» **Task objective**:
Reproduce every line of the material below, but drop the pictures.
:: Given data
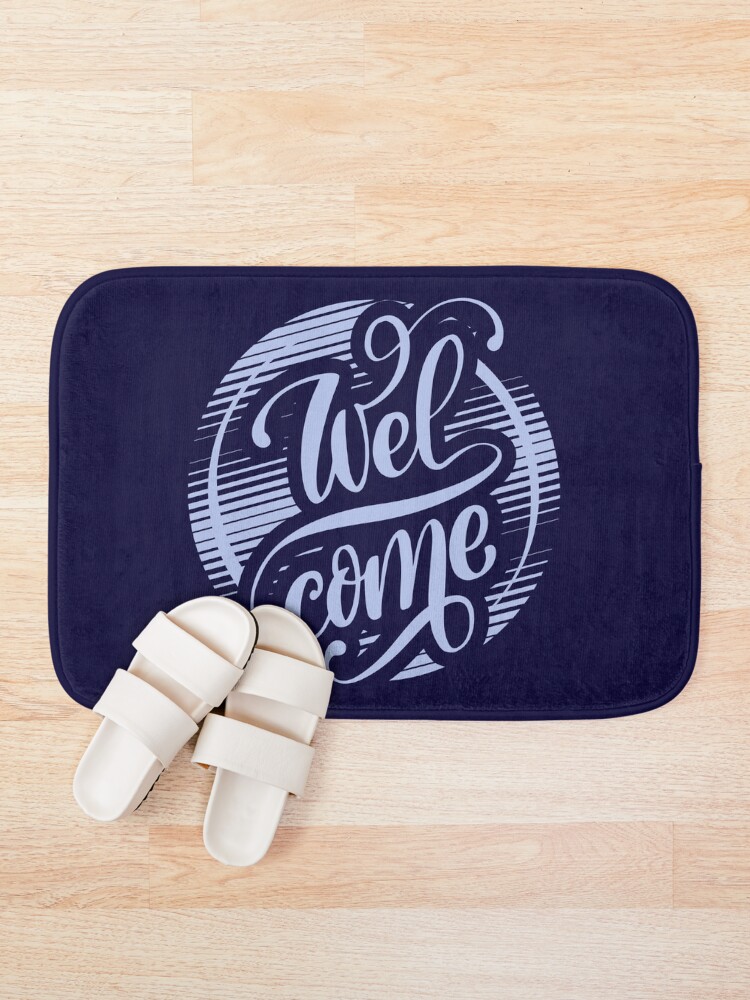 Thumbnail 1 of 6, Bath Mat, Welcome Vintage Blue designed and sold by KidRilla.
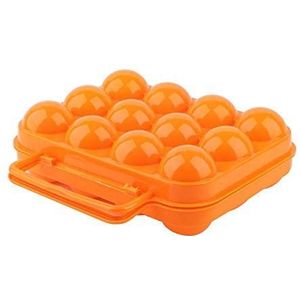 Jeffergarden Eierbak Opbergdoos Case Houder Dubbelzijdige Plastic Koelkast Container met Handvat Hold 12 Eieren Groen Blauw Oranje (Oranje)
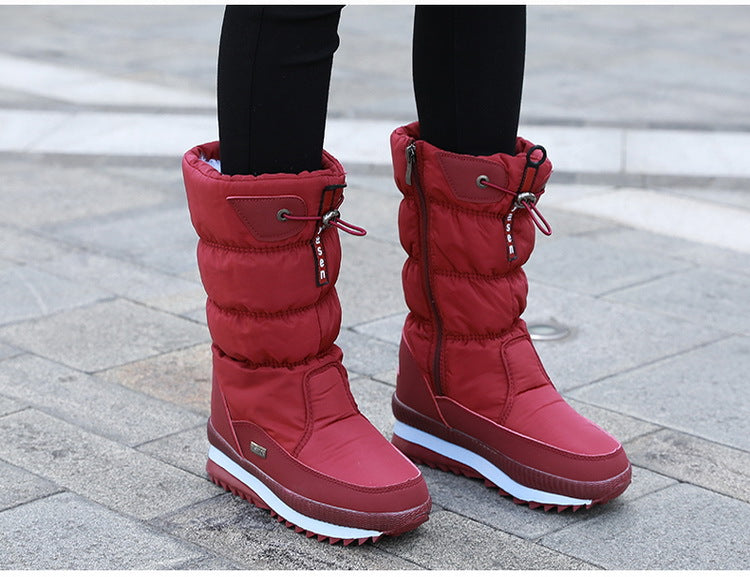 Damen-Winterstiefel mit Wattierung bis zur Wadenmitte - warm gefüttertes Outdoor-Schuhwerk für lässige Spaziergänge bei kaltem Wetter, den Alltag und saisonale Reisen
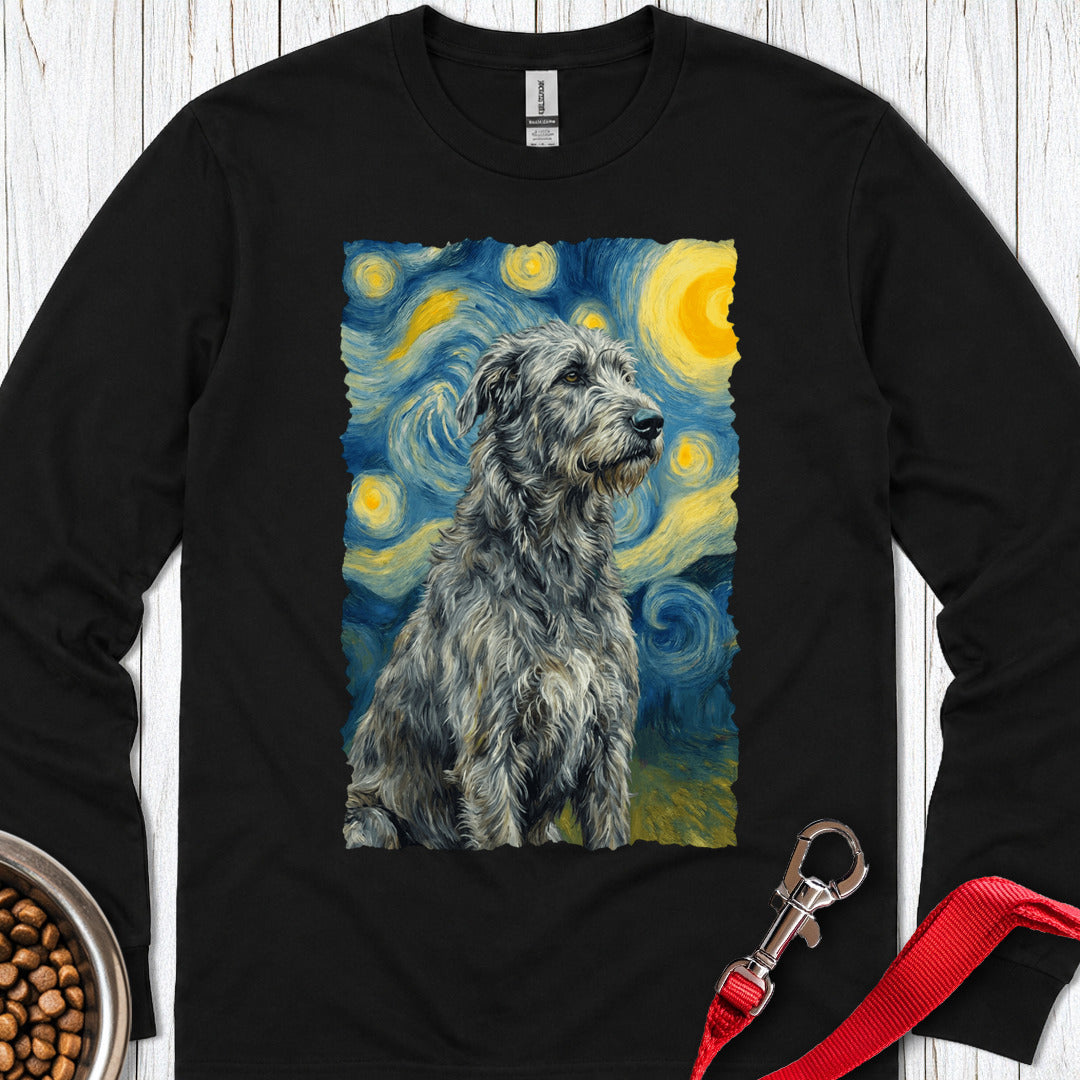 Irish Wolfhound Van Gogh Long Sleeve — Black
::::
» **Written reply**:
 Thumbnail 1 of 6, Bath Mat, Welcome Vintage Blue designed and sold by KidRilla.
 Jeffergarden Eierbak Opbergdoos Case Houder Dubbelzijdige Plastic Koelkast Container met Handvat Hold 12 Eieren Groen Blauw Oranje (Oranje)
 Damen-Winterstiefel mit Wattierung bis zur Wadenmitte - warm gefüttertes Outdoor-Schuhwerk für lässige Spaziergänge bei kaltem Wetter, den Alltag und saisonale Reisen
 Irish Wolfhound Van Gogh Long Sleeve — Black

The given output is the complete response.